Eu era pequenininha quando resolvi cruzar uma cerca de arame farpado. Me arrastei feito uma cobra no chão de terra batida para chegar depressa do outro lado. Desde pequena eu tenho pressa. Mas calculei mal o espaço para entrar. Voltei para casa carregada pela minha irmã, aos prantos, com três sulcos de pele rasgada nas costas. Foi quando eu entrei em casa que eu vi, refletido nos olhos da minha mãe, a gravidade do ferimento. O hospital ficava longe, a viagem era por uma estrada esburacada num jipe desconfortável e naquela hora, já anoitecia. Ela não teve dúvida. Foi na cozinha e voltou com um pote fundo cheio de vinagre com sal. Olhou sério para mim e disse:
- Filha, se prepara porque vai doer.
O emplastro de vinagre com sal da minha mãe era como um santo remédio. Ardia como fogo, mas me curava toda e qualquer ferida. Nunca precisei tomar antibiótico nem antitetânico na infância. Porque nada inflamava depois daquele emplastro. Naquele dia, a dor que eu senti para me livrar da dor, era como se uma faca tivesse cortando o próprio corte do arame.
Minha mãe tinha um compromisso com a verdade a respeito de dor. Quantas vezes fui tomar vacina e a enfermeira tentando ser simpática, sorria para gente dizendo: Olha fofinha, não vai doer nada tá? Vai ser bem rapidinho. E ela enfurecida saia atropelando a mulher, para ajoelhar na minha frente e dizer: Isso não é verdade, filha. Isso é uma injeção e vai doer sim. Mas é pro seu bem, você precisa passar por isso. Depois fulminava a enfermeira com o olhar e mandava na lata: Não se mente para uma criança. Se eu lhe disser que não vai doer e depois ela sentir dor... como é que vai confiar em mim de novo?
Tenho pouquíssima tolerância à dor. Sou como a personagem de Michelle Pfeiffer em “As Bruxas de Eastwick”. Meu maior medo nessa vida é de sentir dor.
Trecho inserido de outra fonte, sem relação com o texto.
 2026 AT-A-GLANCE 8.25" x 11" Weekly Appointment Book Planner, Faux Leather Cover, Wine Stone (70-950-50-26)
E mesmo assim, já fiquei 18 horas em trabalho de parto, passei por duas cesarianas e fiz outras cirurgias ainda piores. Mas isso tudo porque sei que sempre vai existir um espécie de emplastro de vinagre com sal para me curar as feridas do corpo.
Mas e as feridas da alma? Com que tipo de emplastro a gente cura as feridas de dentro da gente? Tive um namorado que me ensinou que o coração é como um orgão perdido porque jamais se regenera. Cada amor que começa e termina, leva consigo um pedaço. Ele contou que seu coração já tinha levado três mordidas. E que eu ali, terminando nossa história, estava dando a quarta mordida. Sim, era eu que partia. Mas partia com o coração menor também, e por causa dele.
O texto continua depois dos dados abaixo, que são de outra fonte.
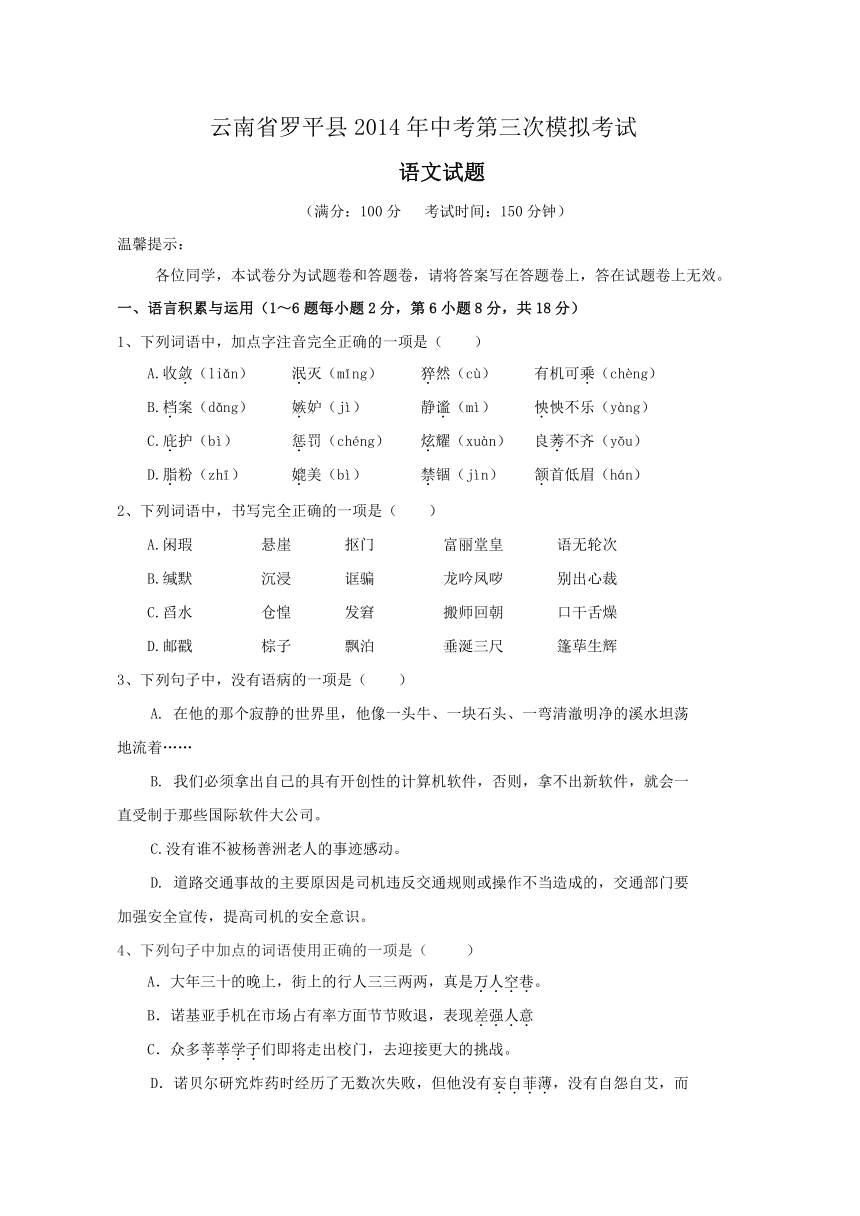 云南省罗平县2014年中考第三次模拟考试语文试题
Nesses últimos dois anos tenho pensado muito de que forma posso amenizar a dor dos machucados que tenho feito tentando atravessar as cercas da vida. Mas não conheço nenhuma espécie de emplastro para as feridas da alma. Como se faz para cicatrizar uma mágoa, se ela só existe no centro de um peito imaginário? Dizem que o tempo é o melhor remédio. Não creio. Tempo não é curativo, é substantivo. Ele pode até apaziguar um sofrimento, mas não cura, não soluciona, não restabelece a saúde de um sentimento moribundo.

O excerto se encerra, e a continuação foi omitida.